Recensione “Nel segno della vespa” di Deborah Fantinato

 

Bess Cooper è una giovane e brillante insegnante di Storia all’Università di Firenze, città che ama e di cui è un’esperta conoscitrice. Bradley Lewis è un aitante chirurgo fetale al King’s Hospital di Londra. Due mondi lontani che finiscono per condividere lo stesso tetto… La condivisione “forzata” in un suggestivo cottage nel sud dell’Inghilterra fa scattare la scintilla tra Bess e Bradley, una scintilla estiva che profuma di mare e temporali improvvisi, ma quella che sembra essere una fugace storia d’amore, finisce col rincorrersi tra Firenze e Londra. Un racconto romantico, intriso di arte e storia nel quale l’amore rinascimentale di Simonetta Vespucci, musa di Botticelli, e Giuliano De Medici, fratello di Lorenzo il Magnifico, finisce per intrecciarsi con la vicenda di Bess e Bradley.

 

Questo romanzo ha scatenato in me un’esplosione di emozioni, fuochi d’artificio di sentimenti che virano dal più dolce al più cupo.

Non ci si deve lasciare ingannare dai primi capitoli, che paiono quelli di un perfetto romanzo d’amore, di quelli che si leggono piacevolmente sotto l’ombrellone. Con lo svolgersi della trama, le vicende acquisteranno, a mano a mano, delle sfumature sempre più intricate, complicate e drammatiche.

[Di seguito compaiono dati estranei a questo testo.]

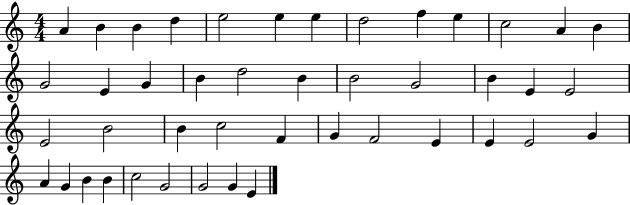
X:1
T:Untitled
M:4/4
L:1/4
K:C
A B B d e2 e e d2 f e c2 A B G2 E G B d2 B B2 G2 B E E2 E2 B2 B c2 F G F2 E E E2 G A G B B c2 G2 G2 G E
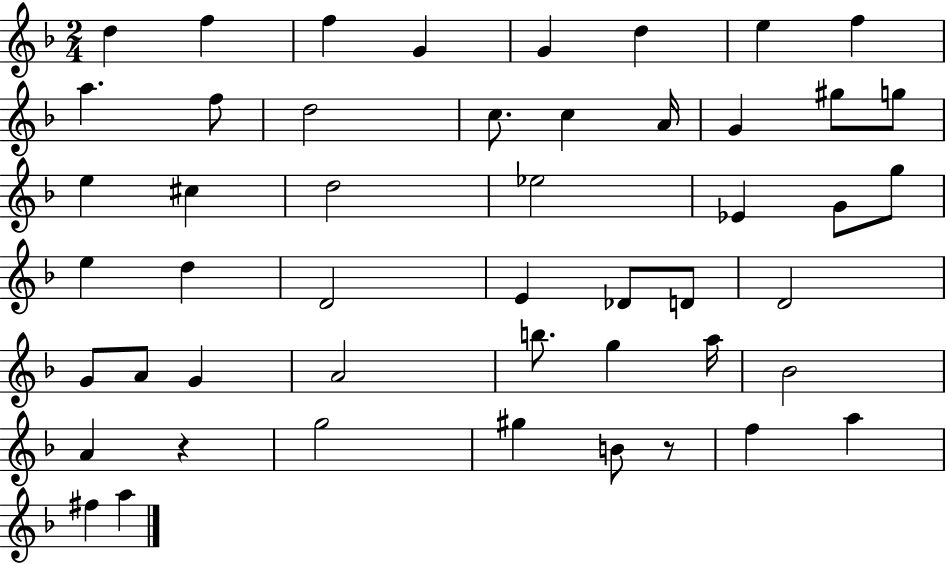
X:1
T:Untitled
M:2/4
L:1/4
K:F
d f f G G d e f a f/2 d2 c/2 c A/4 G ^g/2 g/2 e ^c d2 _e2 _E G/2 g/2 e d D2 E _D/2 D/2 D2 G/2 A/2 G A2 b/2 g a/4 _B2 A z g2 ^g B/2 z/2 f a ^f a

I personaggi sono meravigliosi, in particolar modo quello maschile, Bradley, è quanto di più perfetto possa auspicare una donna come suo compagno: bellissimo, aitante, spiritoso e con una professione lodevole e di tutto rispetto, chirurgo fetale.

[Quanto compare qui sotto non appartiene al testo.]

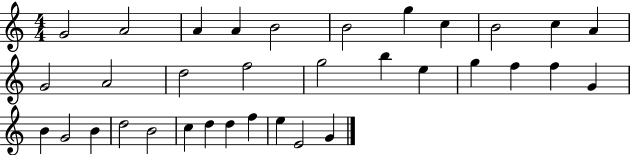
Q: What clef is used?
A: treble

Bess è una docente di storia, guida turistica nel tempo libero, e con una vera e propria ossessione per la vita della famiglia De Medici; è dolce ma timorosa, sempre con la paura che il destino le possa presentare il conto per quelle briciole di felicità.

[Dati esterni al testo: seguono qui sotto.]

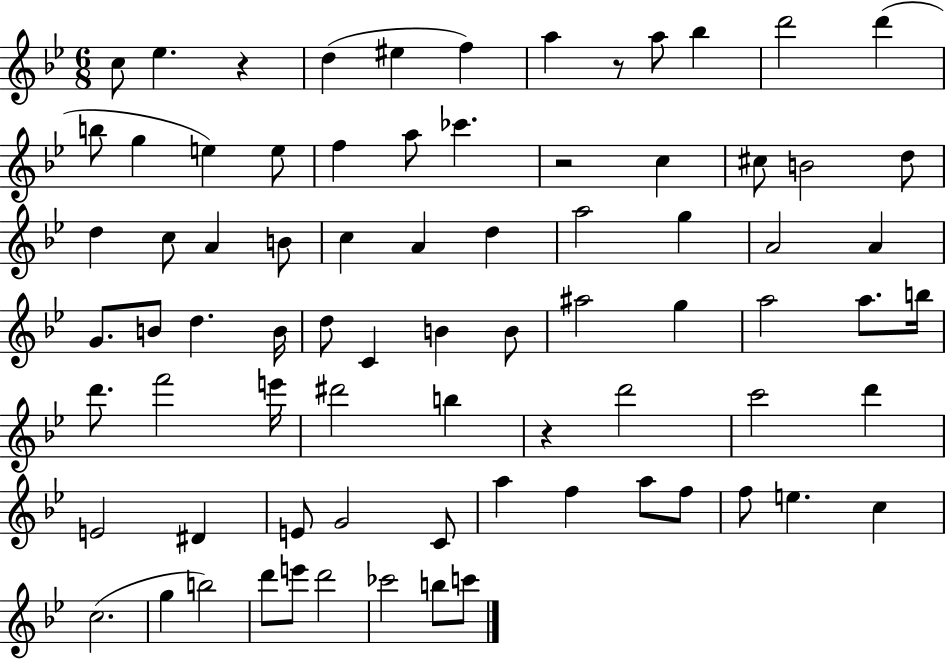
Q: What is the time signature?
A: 6/8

Il loro amore è totale, intenso e viene affiancato, nella narrazione, alla passione proibita che nacque fra Giuliano De’ Medici e Simonetta Vespucci.

I capitoli si alternano fra presente e passato e ci aprono una finestra sul Rinascimento Fiorentino al massimo del suo splendore, donandoci una lezione di storia, sempre gradita.

 

La storia fra Bess e Bradley si snoda fra l’Inghilterra e Firenze, la città dove vive la donna,
e viene descritta con tale dovizia di particolari, mostrandoci luoghi nascosti alla maggior parte dei turisti, da avermi fatto sinceramente venire voglia di tornarvi per scoprirli.

L’arte gioca un ruolo importante nella trama e ringrazio l’autrice per avermi fatto scoprire, anche se virtualmente, tanti luoghi magnifici e suggestivi.

È un lungo romanzo dolce, intenso e drammatico che mi ha fatto versare parecchie lacrime, è sempre piacevole affezionarsi ai personaggi e a una storia, e sono sicura che la amerete anche voi. Consigliato, di cuore.